Doob looked at Gray incredulously. He had heard rumors, of course, everybody had.
"You're not kidding, are you? They grow food up there and the Director lets them get away with it?"
"That's right. He can't keep control up there and down here, too."
"But everything up there's just cliff face and roc..."
"That's what you hear," Gray said. "Where do you hear it?"
"Well, on the news. I don't know anyone who's actually traveled overland up there."
"I have."
Doob glanced over at his best friend. Something had happened to him today, something that changed his whole disposition. Gray was a lot of fun. He'd come home, drink some boo with Doob, tinker with the vehicles. Sometimes, when Doob could afford it, they'd take their wives to the settlement for an evening of wine and buzzboard. Gray was definitely no fun today, but Gray had been upcoast and Doob was very curious.
"You have?" Doob asked. "Wel... what was it like?"
He knew the danger of this question. He suspected that whatever it was that Gray had to tell him about the upcoast region was something that wouldn't be healthy to know.
"It was beautiful," Gray said.
He spoke up, but his voice was still hard to hear over the noise of the track's exhaust.
"They have gardens, hundreds of them. A rock ranch like this one would grow corn in one season up there. And every little garden is bordered by flowers, all color..."
It was the wistful expression on Gray's face that worried Doob. Doob had seen that expression often since Gray got back from wherever it was that the Director's people had sent him. Gray didn't volunteer information, and Doob knew better than to ask. The less he knew about that kind of stuff, the longer his life span, he was sure of that.
Besides, he listened to dangerous politics from his roommate, Stella. Like Doob, she was twenty-two, but she hung around with artists and tried to act older. She had converted most of their living space to a multilevel hydroponics garden, and she grew mushrooms under their rooms. Gray knew this, of course, but he pretended not to. Stella came from a long line of Islander gardeners. Her family owned patents to seeds mutated specifically to Pandora, and about three centuries of know-how in hydroponics. Doob thought she could probably make the walls sprout if he let her.
Stella talked nonstop, but this didn't bother Doob. It meant that he didn't have to say much, and that was the way Doob liked things.
Gray signaled him to shut down the engine. The track backfired once and stopped atop a rock ledge that afforded them a sweeping view all around.
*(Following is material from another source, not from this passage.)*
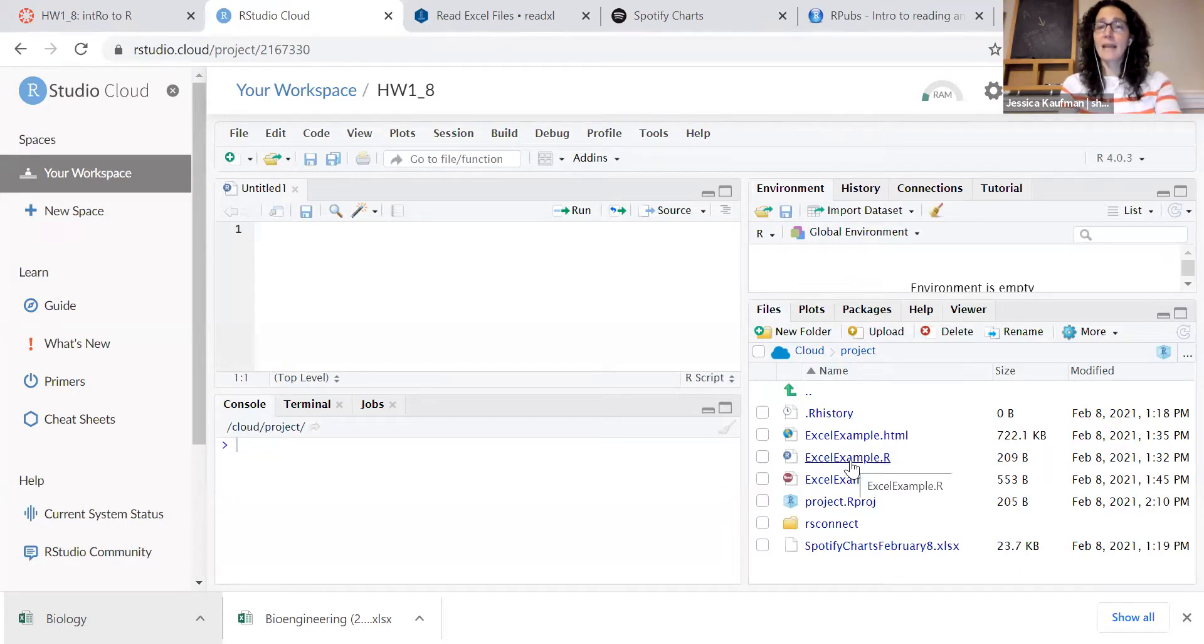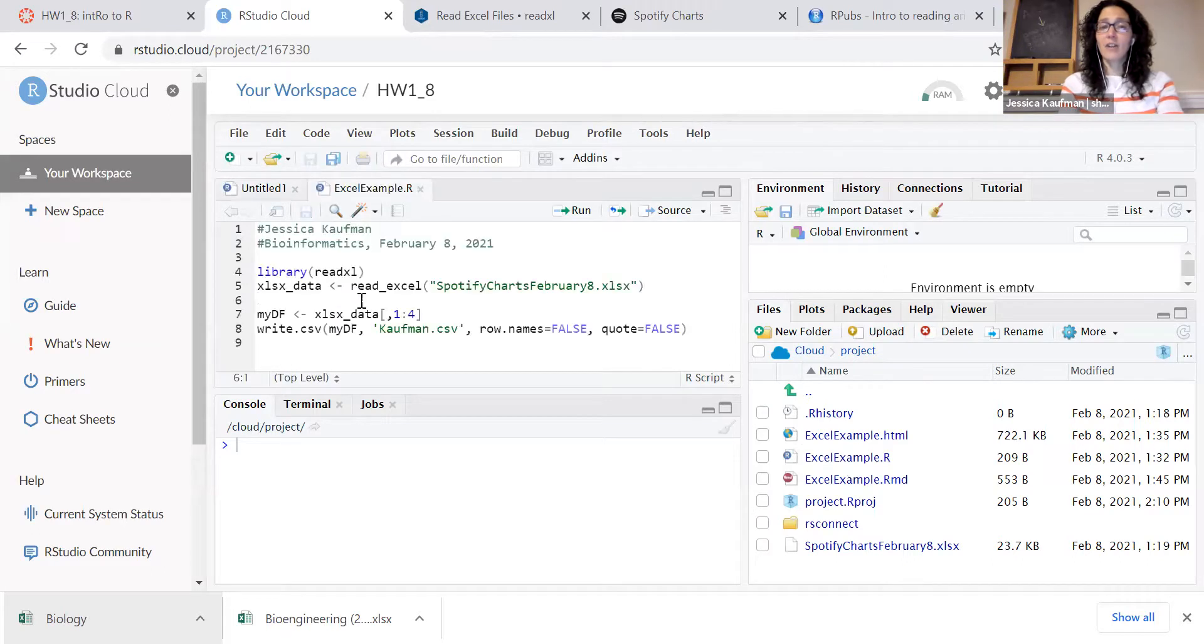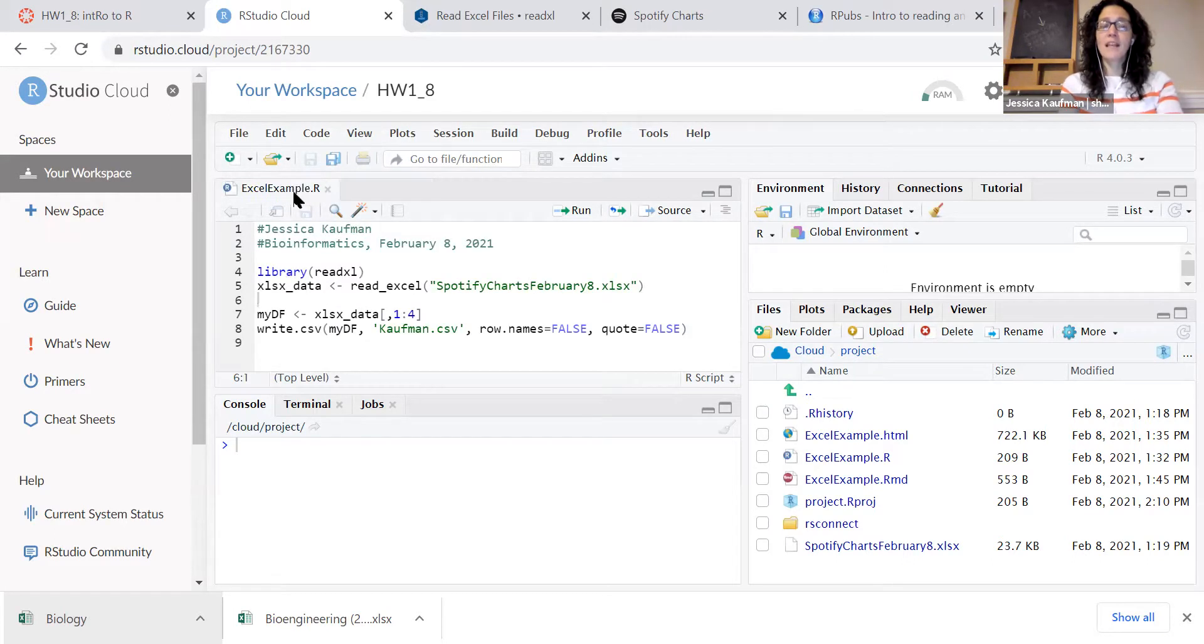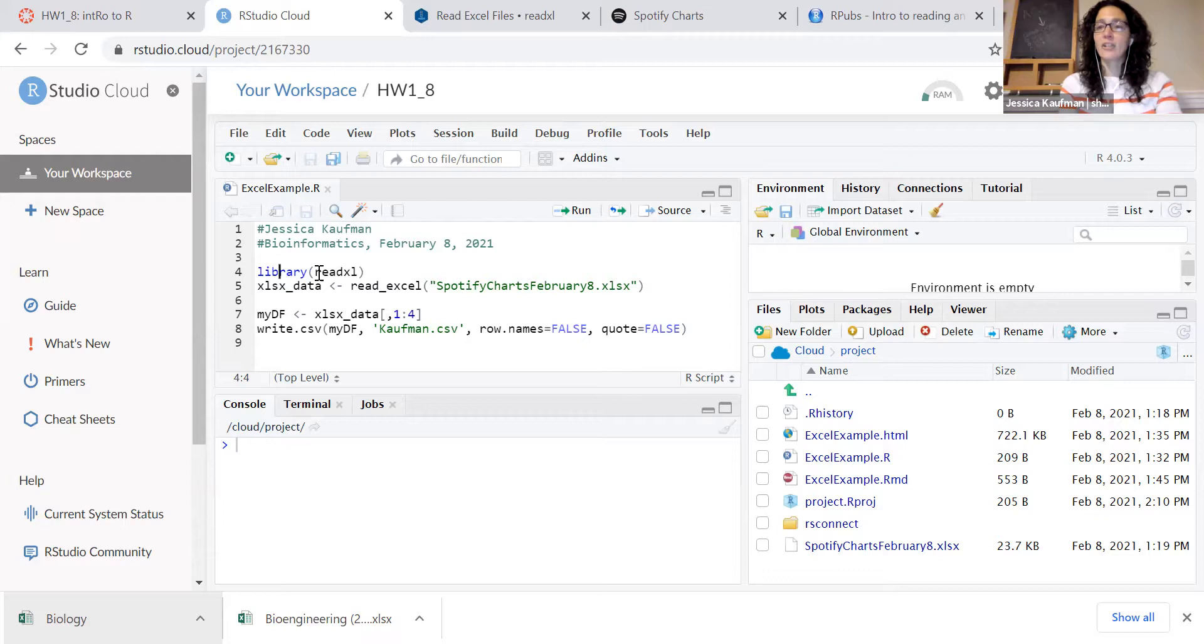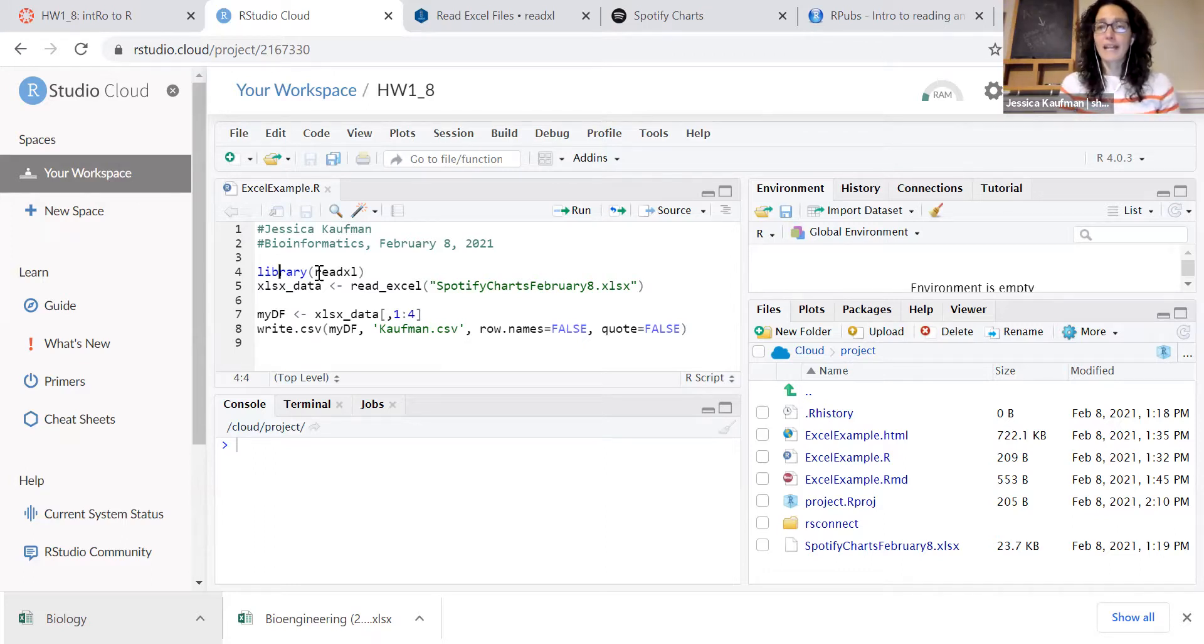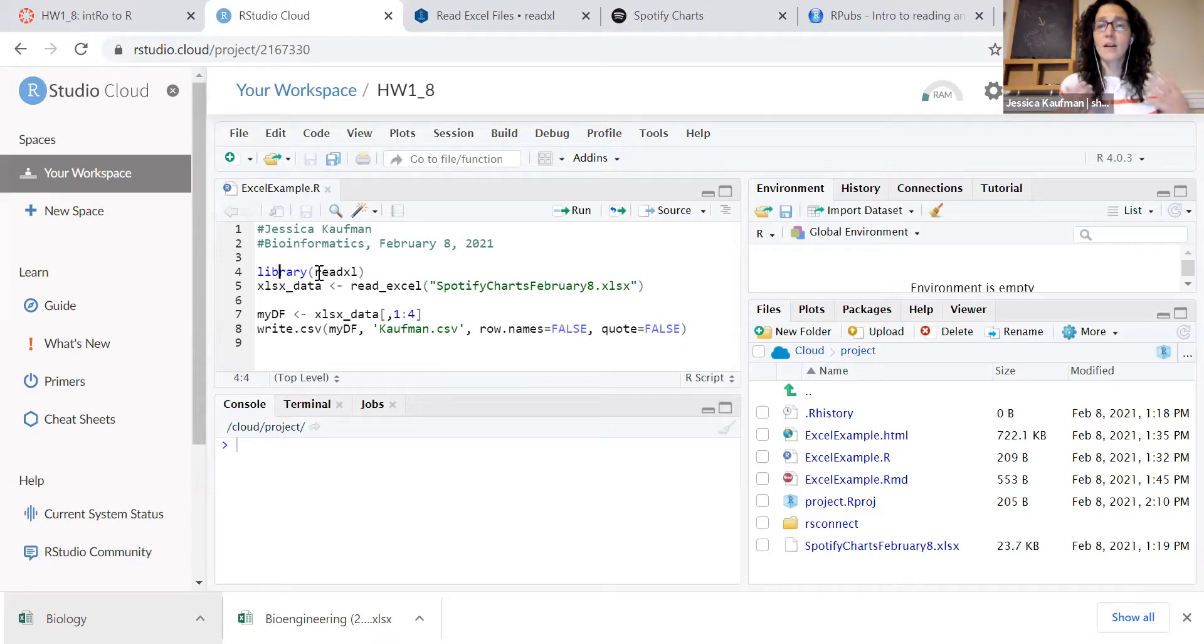I've already made an R script, so I'm going to just open it up. The first line of the R script is to run the library command on a package. A lot of the tools that we use in bioinformatics will not be commands that are part of base R.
"I want to believe I can trust you," Gray said. "There are some things I need to talk about."
Doob swallowed, then nodded.
"Sure, Gray. I'm a little scared, you know."
Gray smiled, but it was a grim smile.
"You should be," he said. He pointed to the refugee sprawl ahead. "There are starving people out there who would kill you for one meal out of Stella's garden. Flattery's people would kill you for growing illegal food. I might kill you if you told anybody what I'm about to tell you."
Doob sucked in his breath. From Gray's steady gaze, Doob knew he wasn't kidding. He also knew that he needed to hear whatever Gray needed to say.
"Even Stella?"
Gray's eyes softened. Doob knew how much he liked Stella. He treated her like the daughter that Gray and Billie never had.
"We'll see," Gray said. "Hear me out."
Gray spoke in a near-whisper, and his gaze darted around them nervously. Doob hunched close to Gray and pretended to be working on the track's control panel. He had the distinct feeling they were being watched.
"I've been gone a month, you knew that," Gray said. "They sent me upcoast, to spy on some Zavatans up there. They set me up with a story, a lapel camera, a way in and out. Overflights showed some signs of illegal fishing and food production, Flattery wanted details. What I saw there changed my life."
He lifted off the lid to the control panel and propped it up. Both Gray and Billie had been raised down under in Merman settlements.